Activity —
Only one stretch of the records below is wanted: the lines from the one holding "Tailored Car Mats" through the one holding "Billede af Citroën". Return it exactly, both ends included.

Records supplied —
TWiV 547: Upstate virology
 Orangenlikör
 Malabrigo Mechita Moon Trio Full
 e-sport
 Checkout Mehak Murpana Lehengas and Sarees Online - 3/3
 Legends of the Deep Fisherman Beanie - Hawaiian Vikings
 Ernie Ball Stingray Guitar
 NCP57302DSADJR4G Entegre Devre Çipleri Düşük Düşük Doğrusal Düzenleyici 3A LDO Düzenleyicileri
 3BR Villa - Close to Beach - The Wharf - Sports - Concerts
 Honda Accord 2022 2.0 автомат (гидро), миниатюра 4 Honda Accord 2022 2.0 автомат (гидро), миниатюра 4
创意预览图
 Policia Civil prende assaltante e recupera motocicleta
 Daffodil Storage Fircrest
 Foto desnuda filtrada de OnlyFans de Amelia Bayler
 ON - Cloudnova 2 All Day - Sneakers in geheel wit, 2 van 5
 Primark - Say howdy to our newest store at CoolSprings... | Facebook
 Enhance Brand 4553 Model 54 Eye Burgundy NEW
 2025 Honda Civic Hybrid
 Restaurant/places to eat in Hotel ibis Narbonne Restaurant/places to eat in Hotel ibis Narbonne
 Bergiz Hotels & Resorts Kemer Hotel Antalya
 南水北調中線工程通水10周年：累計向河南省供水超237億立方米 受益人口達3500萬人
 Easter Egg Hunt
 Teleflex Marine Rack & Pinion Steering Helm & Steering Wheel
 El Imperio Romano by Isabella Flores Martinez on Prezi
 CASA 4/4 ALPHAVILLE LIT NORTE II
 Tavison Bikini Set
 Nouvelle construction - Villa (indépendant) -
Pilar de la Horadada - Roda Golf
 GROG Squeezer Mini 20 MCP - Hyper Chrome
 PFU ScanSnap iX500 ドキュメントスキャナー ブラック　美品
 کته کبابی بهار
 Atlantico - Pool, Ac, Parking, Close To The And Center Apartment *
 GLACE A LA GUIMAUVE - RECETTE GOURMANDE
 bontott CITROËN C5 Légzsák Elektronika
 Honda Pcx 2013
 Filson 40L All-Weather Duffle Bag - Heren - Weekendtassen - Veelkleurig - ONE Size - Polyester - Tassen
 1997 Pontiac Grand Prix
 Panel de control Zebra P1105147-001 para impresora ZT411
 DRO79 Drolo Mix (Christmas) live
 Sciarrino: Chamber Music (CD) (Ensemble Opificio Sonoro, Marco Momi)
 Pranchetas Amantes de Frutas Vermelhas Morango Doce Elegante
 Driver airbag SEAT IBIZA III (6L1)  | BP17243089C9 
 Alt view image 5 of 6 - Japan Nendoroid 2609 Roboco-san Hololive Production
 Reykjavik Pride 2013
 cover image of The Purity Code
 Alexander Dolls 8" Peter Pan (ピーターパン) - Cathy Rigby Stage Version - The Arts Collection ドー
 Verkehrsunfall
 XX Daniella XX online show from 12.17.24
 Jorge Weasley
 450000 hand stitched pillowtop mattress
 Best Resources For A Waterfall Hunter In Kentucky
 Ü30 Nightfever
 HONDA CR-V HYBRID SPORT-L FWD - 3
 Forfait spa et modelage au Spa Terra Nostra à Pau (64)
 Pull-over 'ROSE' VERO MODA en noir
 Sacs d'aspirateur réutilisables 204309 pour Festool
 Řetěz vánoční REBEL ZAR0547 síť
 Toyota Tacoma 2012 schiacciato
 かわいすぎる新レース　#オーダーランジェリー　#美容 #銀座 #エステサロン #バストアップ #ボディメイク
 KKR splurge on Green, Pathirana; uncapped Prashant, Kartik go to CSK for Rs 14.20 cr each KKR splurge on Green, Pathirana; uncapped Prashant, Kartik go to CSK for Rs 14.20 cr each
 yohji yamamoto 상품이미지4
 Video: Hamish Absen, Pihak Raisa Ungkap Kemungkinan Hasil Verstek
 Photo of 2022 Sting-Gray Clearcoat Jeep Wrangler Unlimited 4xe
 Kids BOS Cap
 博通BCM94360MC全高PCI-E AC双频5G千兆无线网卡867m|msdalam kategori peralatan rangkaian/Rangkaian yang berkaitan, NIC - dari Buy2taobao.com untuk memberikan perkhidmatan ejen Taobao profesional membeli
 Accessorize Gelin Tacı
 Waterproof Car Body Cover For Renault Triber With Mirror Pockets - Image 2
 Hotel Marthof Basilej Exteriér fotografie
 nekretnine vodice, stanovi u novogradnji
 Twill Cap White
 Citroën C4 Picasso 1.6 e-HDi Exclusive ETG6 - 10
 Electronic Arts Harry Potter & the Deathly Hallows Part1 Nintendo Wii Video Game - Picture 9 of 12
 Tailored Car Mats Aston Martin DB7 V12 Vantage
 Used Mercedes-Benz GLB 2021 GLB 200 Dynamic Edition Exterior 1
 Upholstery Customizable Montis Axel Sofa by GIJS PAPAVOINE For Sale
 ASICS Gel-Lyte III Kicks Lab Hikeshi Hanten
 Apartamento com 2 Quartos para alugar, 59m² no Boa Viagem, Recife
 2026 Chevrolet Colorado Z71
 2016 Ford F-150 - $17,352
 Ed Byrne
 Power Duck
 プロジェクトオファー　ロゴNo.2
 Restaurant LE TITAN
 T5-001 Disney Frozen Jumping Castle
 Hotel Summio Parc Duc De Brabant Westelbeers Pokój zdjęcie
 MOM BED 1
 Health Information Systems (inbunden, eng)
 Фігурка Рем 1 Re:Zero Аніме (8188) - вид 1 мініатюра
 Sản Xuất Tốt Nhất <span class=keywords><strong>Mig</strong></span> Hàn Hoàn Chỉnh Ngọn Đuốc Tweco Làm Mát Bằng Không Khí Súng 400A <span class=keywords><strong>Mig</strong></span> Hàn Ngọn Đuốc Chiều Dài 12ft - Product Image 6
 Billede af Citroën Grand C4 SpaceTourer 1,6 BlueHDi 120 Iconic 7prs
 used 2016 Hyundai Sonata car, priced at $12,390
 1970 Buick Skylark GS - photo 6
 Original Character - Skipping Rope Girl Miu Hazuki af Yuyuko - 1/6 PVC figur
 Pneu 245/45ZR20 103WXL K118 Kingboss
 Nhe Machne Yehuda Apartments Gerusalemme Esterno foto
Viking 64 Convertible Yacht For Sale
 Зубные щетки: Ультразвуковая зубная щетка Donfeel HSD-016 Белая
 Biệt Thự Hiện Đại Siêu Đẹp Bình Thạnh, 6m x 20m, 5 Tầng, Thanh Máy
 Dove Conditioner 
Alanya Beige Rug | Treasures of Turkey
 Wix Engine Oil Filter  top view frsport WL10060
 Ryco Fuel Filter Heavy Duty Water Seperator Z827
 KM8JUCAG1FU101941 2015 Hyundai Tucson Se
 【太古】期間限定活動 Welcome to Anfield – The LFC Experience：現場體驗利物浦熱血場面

Response to the task —
 Tailored Car Mats Aston Martin DB7 V12 Vantage
 Used Mercedes-Benz GLB 2021 GLB 200 Dynamic Edition Exterior 1
 Upholstery Customizable Montis Axel Sofa by GIJS PAPAVOINE For Sale
 ASICS Gel-Lyte III Kicks Lab Hikeshi Hanten
 Apartamento com 2 Quartos para alugar, 59m² no Boa Viagem, Recife
 2026 Chevrolet Colorado Z71
 2016 Ford F-150 - $17,352
 Ed Byrne
 Power Duck
 プロジェクトオファー　ロゴNo.2
 Restaurant LE TITAN
 T5-001 Disney Frozen Jumping Castle
 Hotel Summio Parc Duc De Brabant Westelbeers Pokój zdjęcie
 MOM BED 1
 Health Information Systems (inbunden, eng)
 Фігурка Рем 1 Re:Zero Аніме (8188) - вид 1 мініатюра
 Sản Xuất Tốt Nhất <span class=keywords><strong>Mig</strong></span> Hàn Hoàn Chỉnh Ngọn Đuốc Tweco Làm Mát Bằng Không Khí Súng 400A <span class=keywords><strong>Mig</strong></span> Hàn Ngọn Đuốc Chiều Dài 12ft - Product Image 6
 Billede af Citroën Grand C4 SpaceTourer 1,6 BlueHDi 120 Iconic 7prs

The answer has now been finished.